Detects Full/Partial Slide Changes and Erased handwriting inside videoplayer regions.
Supports python 3.(7-10)
The following libraries, which have their own dependencies, must be installed:
- Pillow
- errno
- pyautogui
- argparse
- cv2
- shutil
- pytesseract
The top of the file "main.py" contains variables that must be updated before use.
Detailed instructions are present as comments in the "main.py" file.
Takes screenshots at specified intervals, deleting the 3rd oldest image and keeping the two most recent images at each iteration:
A copy of each new image is processed for accurate optical character recognition.

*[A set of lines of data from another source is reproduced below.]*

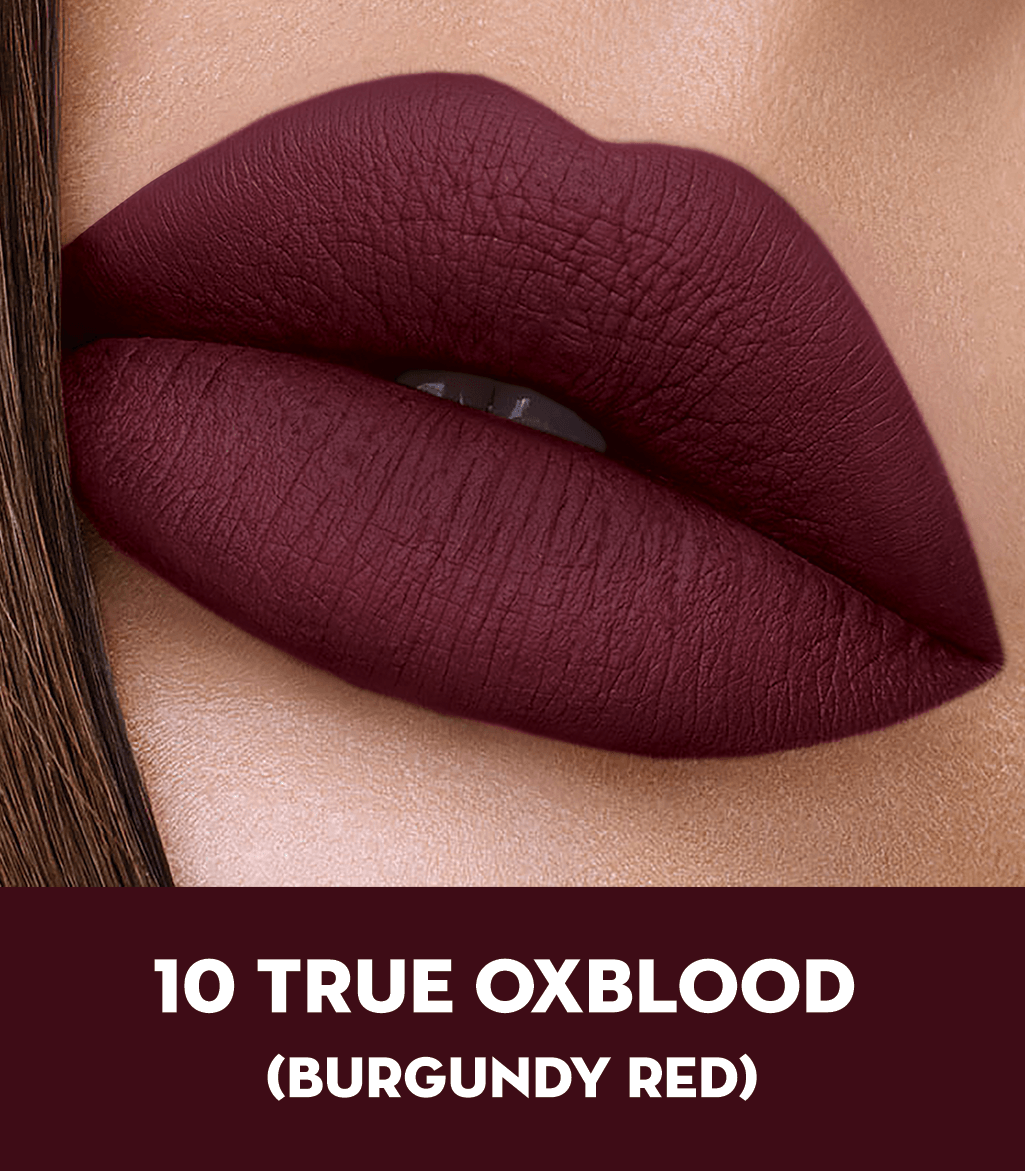 burgundy lipstick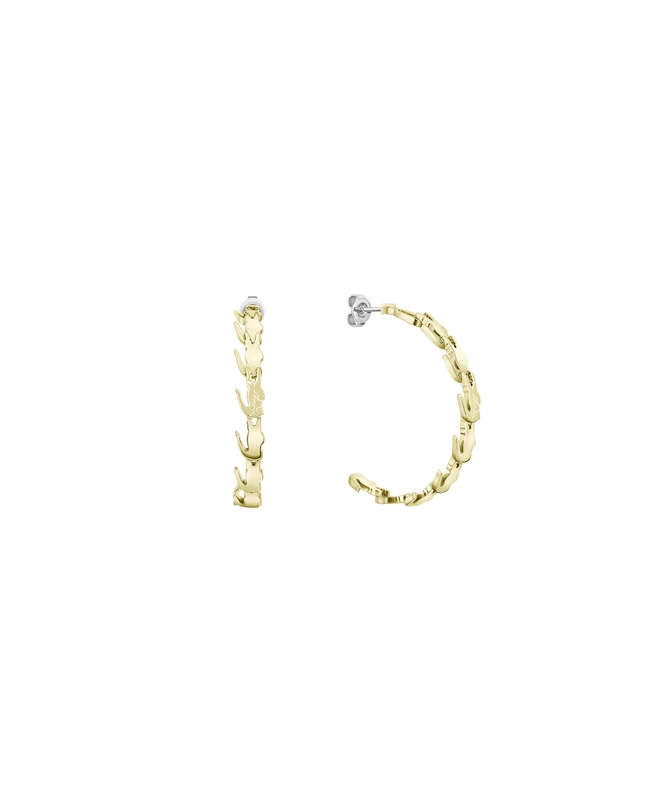 Lacoste Women's CROCODILE Collection Hoop Earrings in Yellow Gold with Crocodiles - 2040518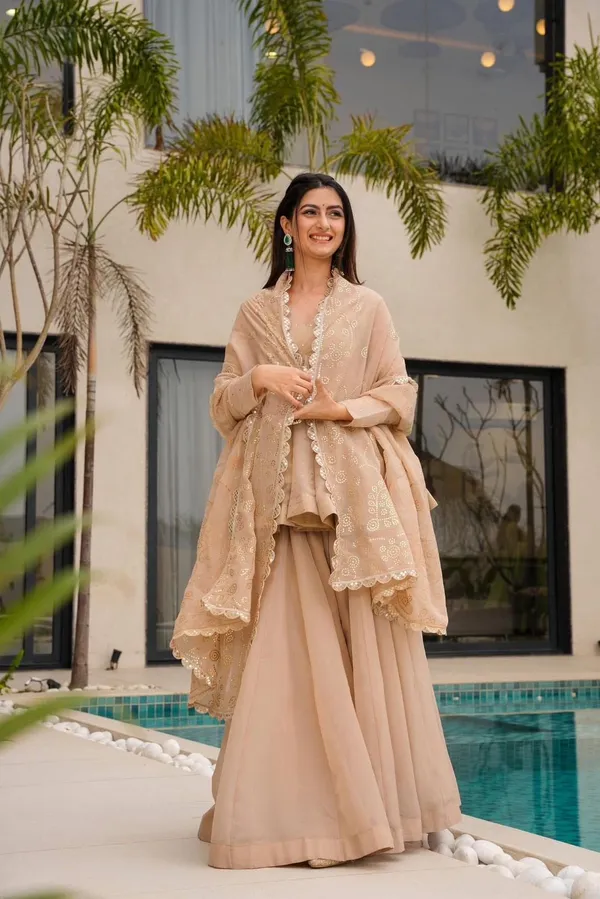 Cream_Organza_Premium_&_Fancy_Design_Sharara_Set_For_Women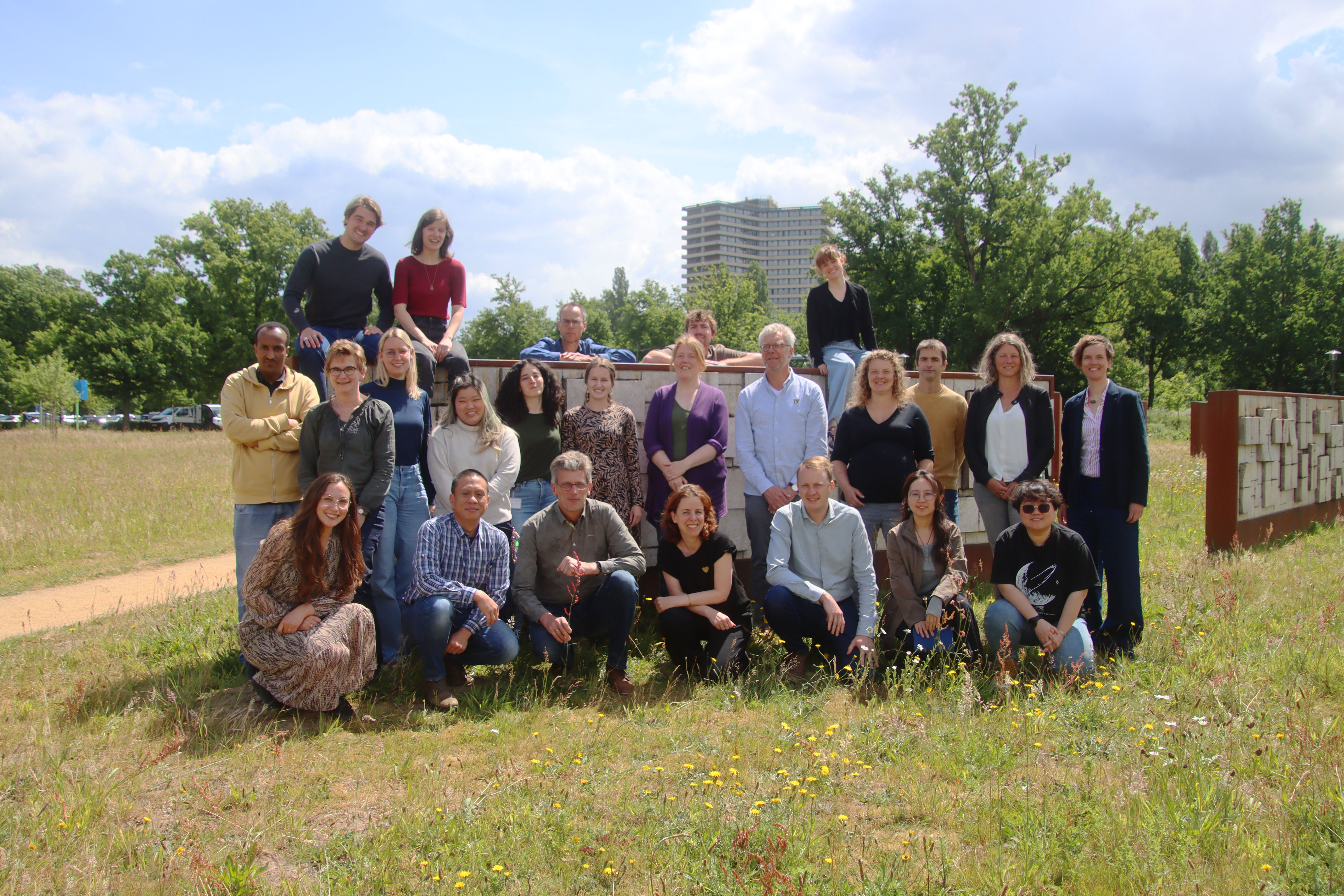 group picture of Animal Production Systems group in a park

When applied, OCR output is read into python.
Characters are sorted into lists containing all known written and digital character types, with common "noisy" OCR character types being sorted into their own categories.
Mathematical analyis is used to determine whether slide changes occurred, internet connection is suffering (larger thresholds are used), handwriting is erased, or OCR incorrectly classified data types (character is reclassified as a "noisy" type for both images and analysis is repeated).
The original image preceeding a slide change or erased handwriting is processed, less intensely than before, and optical character recognition is applied to it before creating/appending-to the searchable pdf file created for that lecture.
All files and lists created by the script are deleted/cleared after use, leaving only the pdf and transcription file after completion.